## WHAT YOU SHOULD DO:
Leaving the pictures aside, transcribe every line below exactly.

## ENTRIES SHOWN:

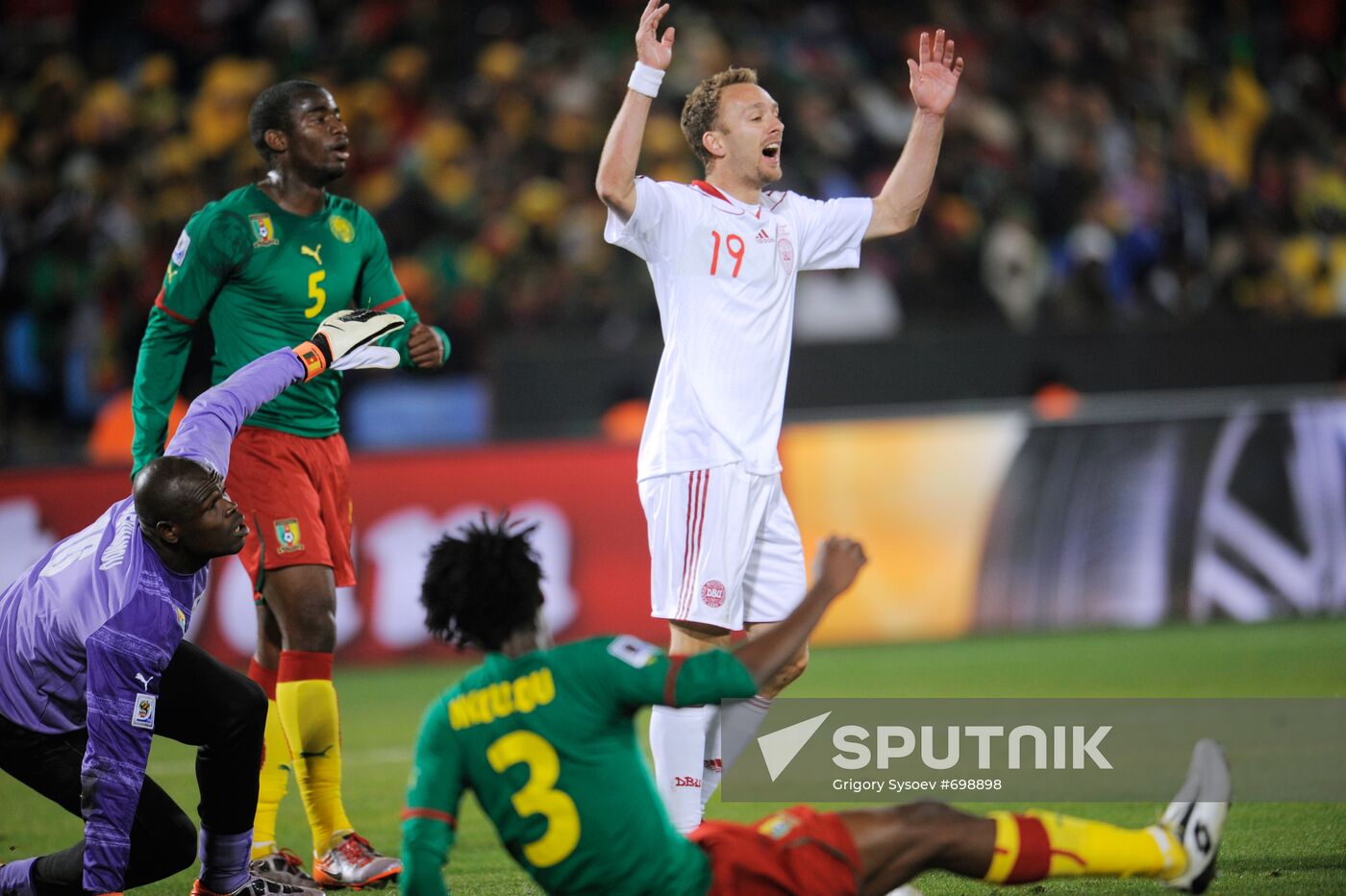 2010 FIFA World Cup. Cameroon vs. Denmark
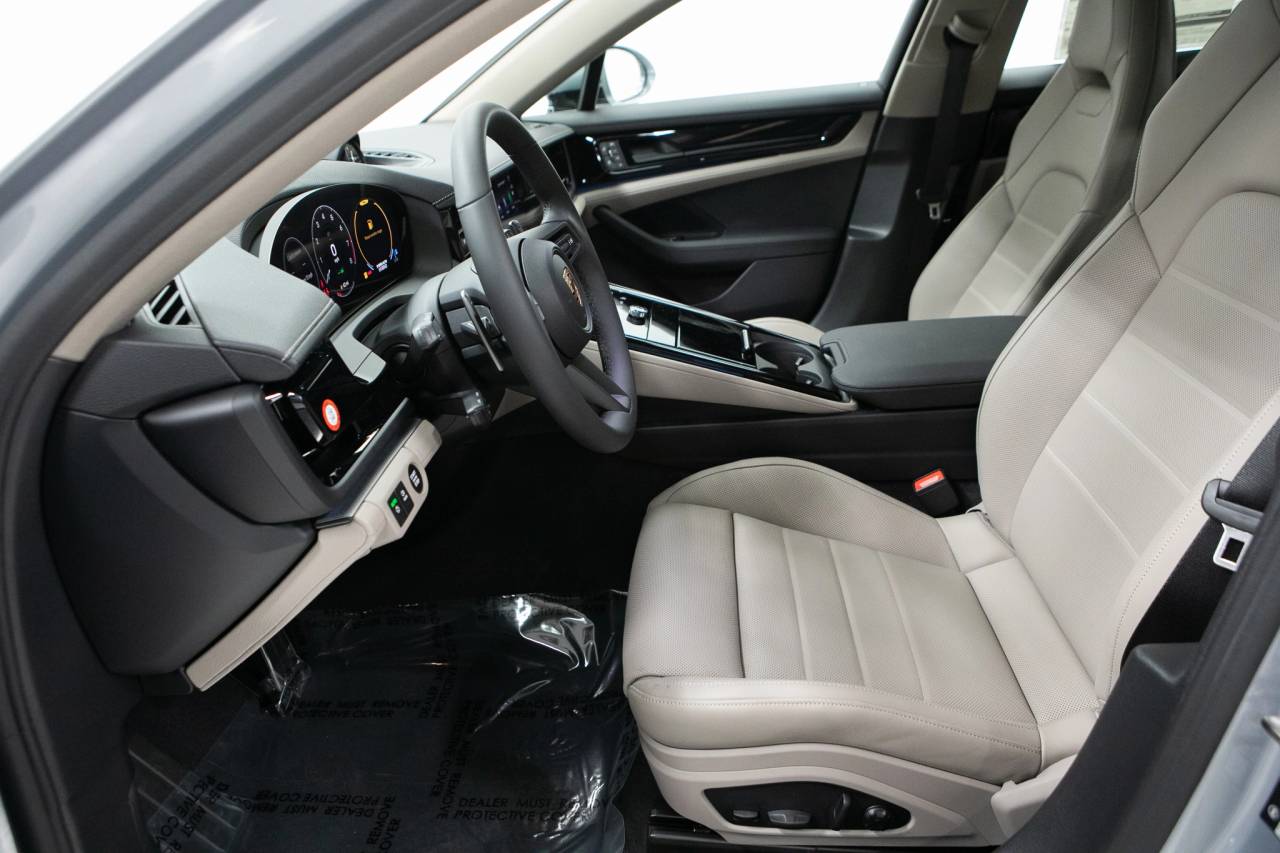 Thumbnail: 2026 Porsche Panamera - 23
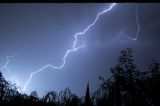România, sub asediul furtunilor. Meteorologii au emis Cod Galben de averse torențiale și vijelii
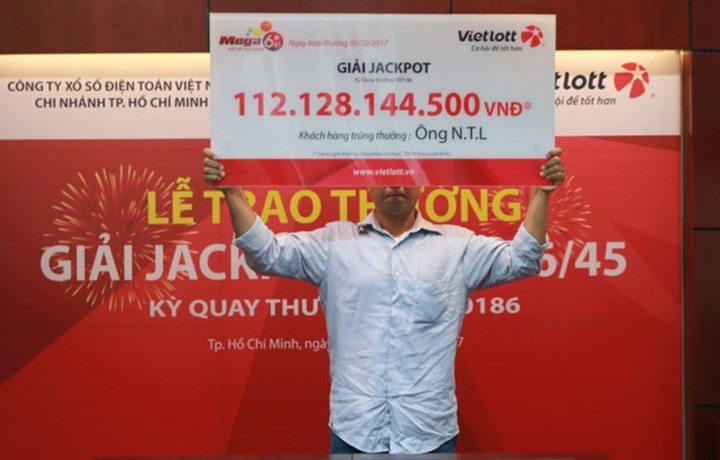 Ông N.T.L nhận giải Jackpot hơn trăm tỷ đồng. (Ảnh: Vietlott)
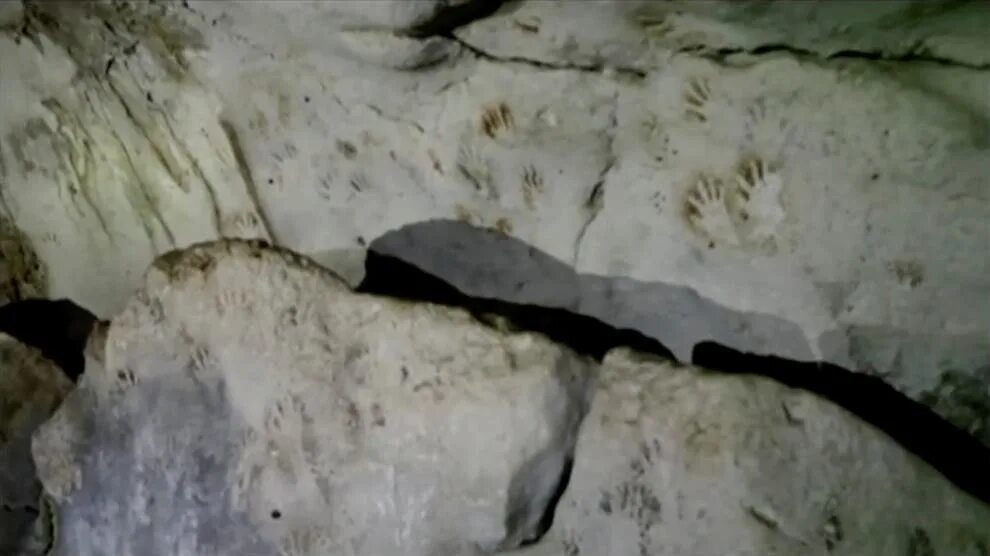 Мексика пещера Майя. Пещера археологическая. Археологи в пещере. Раскопки в пещере.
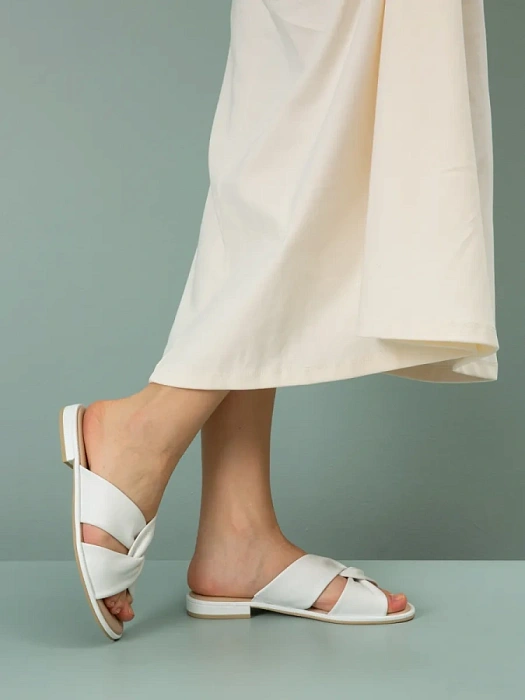 Женские пантолеты CAPRICE белые, артикул 9-27100-42-102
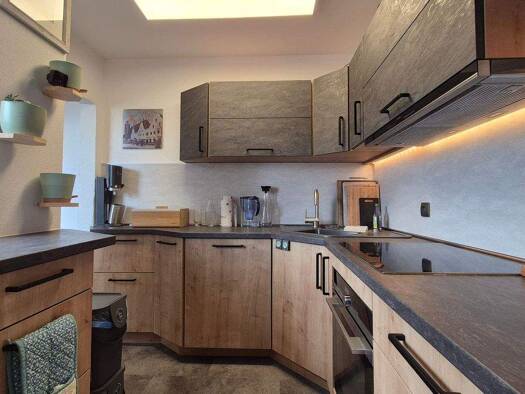 Wohnung zur Miete 890 € 2 Zimmer 67 m² Geschoss 3/3 frei ab 01.11.2026 Parreutstraße 2 Friedrichshofen Ingolstadt 85049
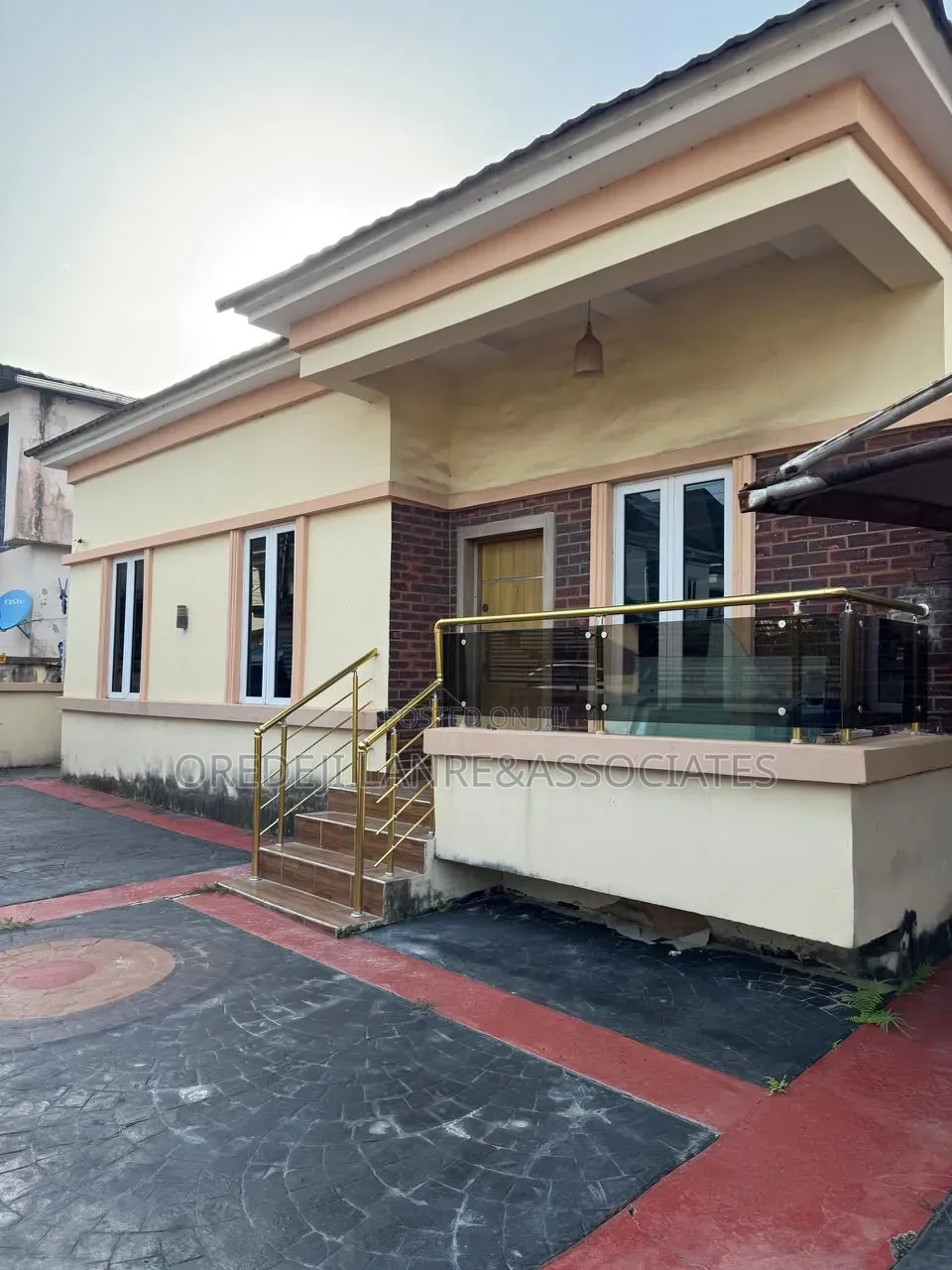 3bdrm Bungalow in Thomas Estate for rent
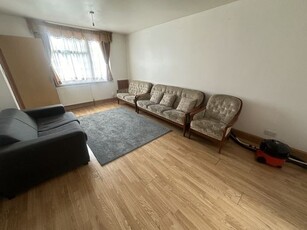 5 bedroom semi-detached house to rent Southall, UB2 5JF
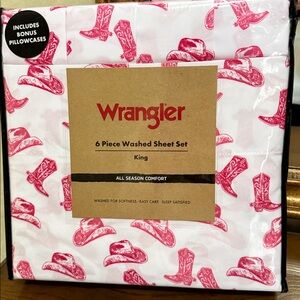Wrangler King size pink Cowboy Hat and Boot design Sheet Set.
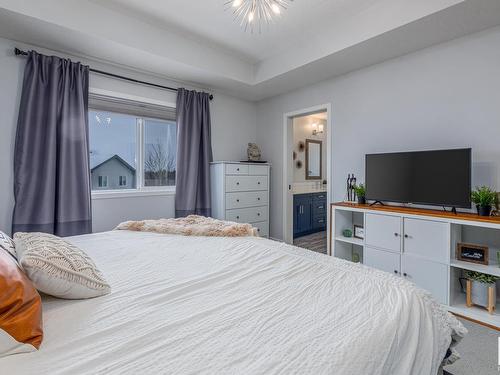 4658 Alwood Way, Edmonton, AB - Indoor Photo Showing Bedroom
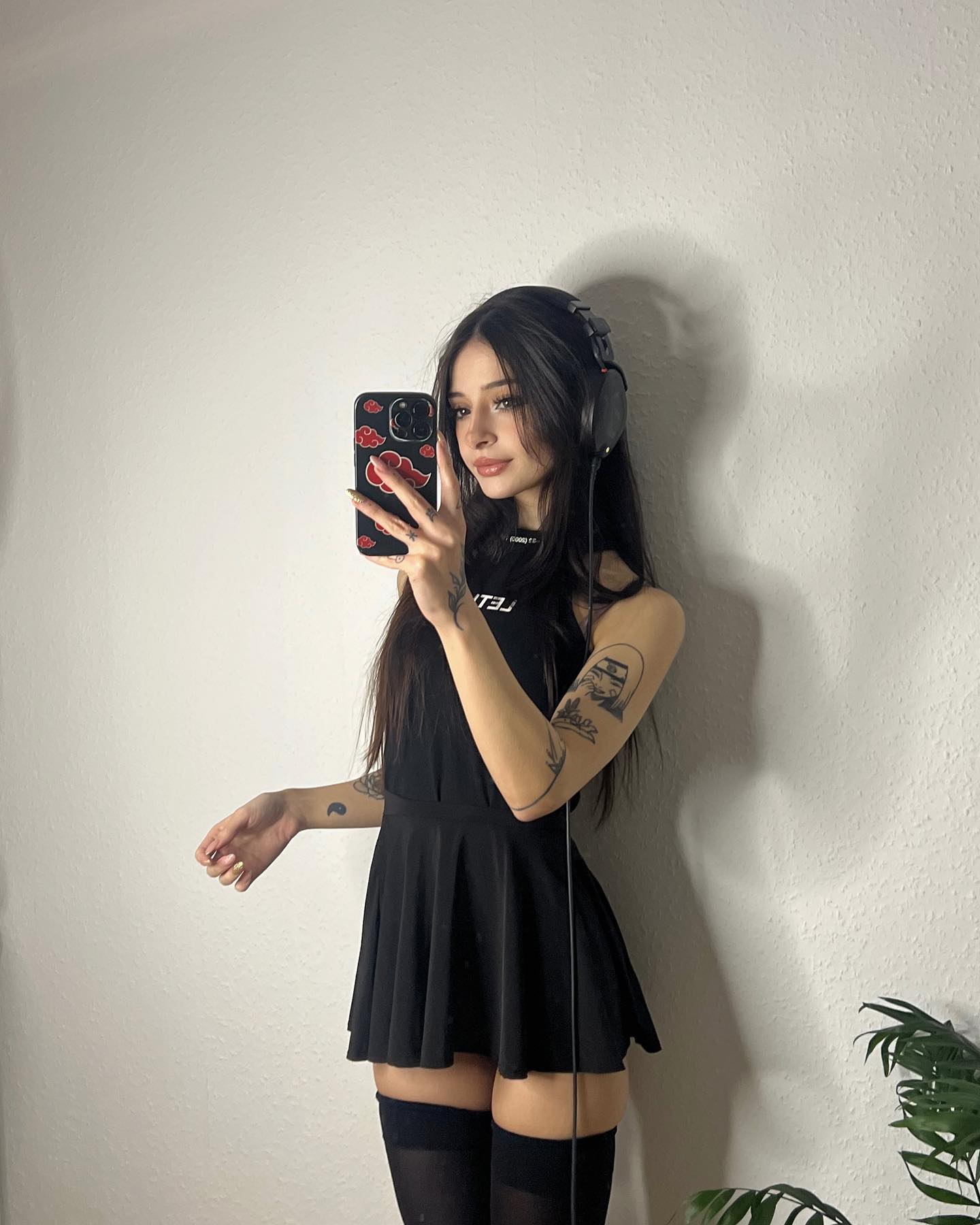 cata.leyah instagram image archive image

## ANSWER AREA:
 2010 FIFA World Cup. Cameroon vs. Denmark
 Thumbnail: 2026 Porsche Panamera - 23
România, sub asediul furtunilor. Meteorologii au emis Cod Galben de averse torențiale și vijelii
 Ông N.T.L nhận giải Jackpot hơn trăm tỷ đồng. (Ảnh: Vietlott)
 Мексика пещера Майя. Пещера археологическая. Археологи в пещере. Раскопки в пещере.
 Женские пантолеты CAPRICE белые, артикул 9-27100-42-102
 Wohnung zur Miete 890 € 2 Zimmer 67 m² Geschoss 3/3 frei ab 01.11.2026 Parreutstraße 2 Friedrichshofen Ingolstadt 85049
 3bdrm Bungalow in Thomas Estate for rent
 5 bedroom semi-detached house to rent Southall, UB2 5JF
Wrangler King size pink Cowboy Hat and Boot design Sheet Set.
 4658 Alwood Way, Edmonton, AB - Indoor Photo Showing Bedroom
 cata.leyah instagram image archive image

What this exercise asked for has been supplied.